Samaná wurde im Januar 1493 von Christoph Kolumbus während seiner ersten Reise nach Amerika besucht. Zu diesem Zeitpunkt wurde Samaná von den Ciguayos besetzt, einem Stamm der Ureinwohner Amerikas mit der gleichen Kultur der Taínos, aber einer anderen Sprache. Sie waren die ersten Indianer, die gegen die Europäer kämpften.
Nach der Eroberung der Insel Hispaniola durch die Spanier wurde Samaná von verschiedenen Gruppen von Europäern, hauptsächlich Franzosen, besetzt. Einige Gruppen von Maroon (entflohene Sklaven) lebten viele Jahre lang in den Bergen.
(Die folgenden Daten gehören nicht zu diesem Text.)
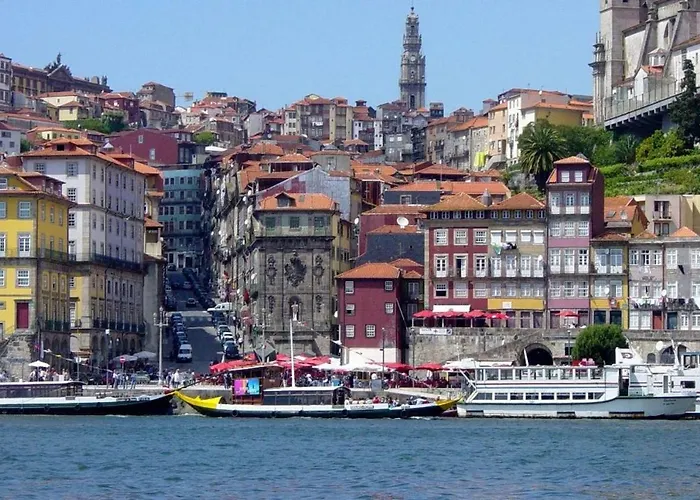 Lovelystay - Genuine Bonfim Balcony Flat 公寓 *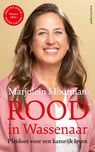 Rood in Wassenaar - Marjolein Moorman - 9789026374036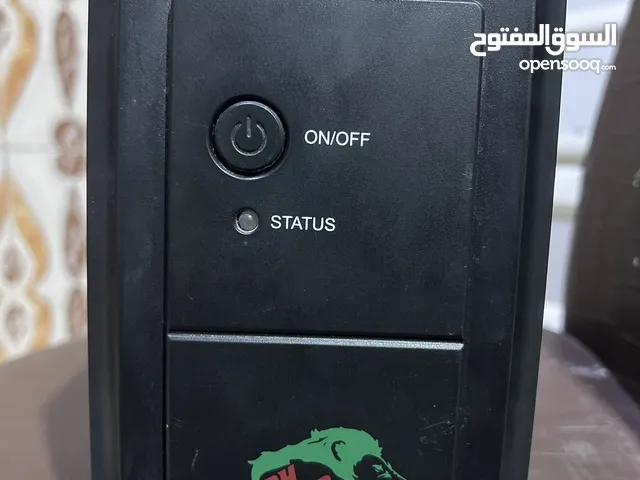 يو بي اس للبيع مستعمل
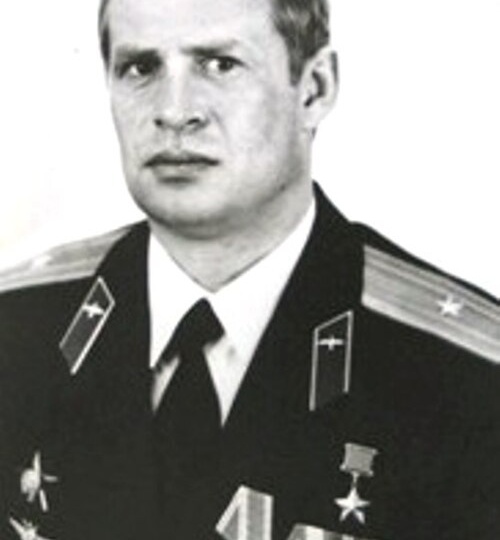 Герои Советского Союза / Афганская война 1979—1989 / Николай Иванович Малышев / Легенда Афганской войны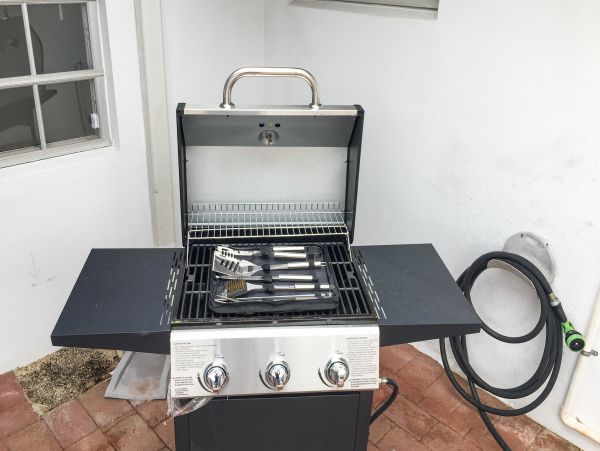 Pompano Beach Condo 1027943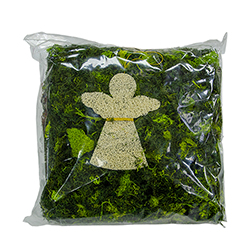 Musgo Matizado Pino Limón 160GR 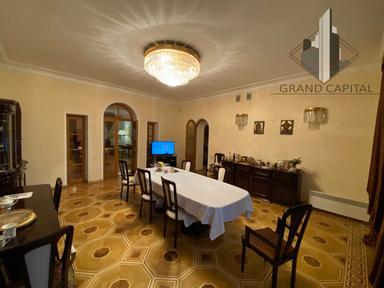 Дом по адресу ул. Красицкого (площадь 828 м²) - Atlanta.ua - фото 42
Um gegen diese europäischen Gruppen zu kämpfen, brachte Spanien Galeeren mit (eine Galeere war ein schmales Kriegsschiff, auf dem Gefangene und Sklaven zum Bewegen des Schiffes eingesetzt wurden) und gründete 1756 mit Menschen von den Kanarischen Inseln die Stadt Santa Bárbara de Samaná an der Nordküste der Bucht von Samaná.
Als der östliche Teil der Hispaniola (die Kolonie Santo Domingo) 1795 an Frankreich übergeben wurde, versuchte die französische Regierung, die Region zu entwickeln, und viele französische Familien zogen nach Samaná, um Kaffee anzubauen; viele Orte in Samaná haben französische Namen. Die meisten dieser französischen Familien verließen Samaná, als Spanien 1809 die Kolonie wieder übernahm.
Während der haitianischen Besetzung (1822 - 1844) wurde in Los Cacaos (westlich von Santa Bárbara de Samaná) eine Festung gebaut, um die Bucht von Samaná zu kontrollieren; eine weitere kleine Festung wurde in El Limón an der Nordküste errichtet.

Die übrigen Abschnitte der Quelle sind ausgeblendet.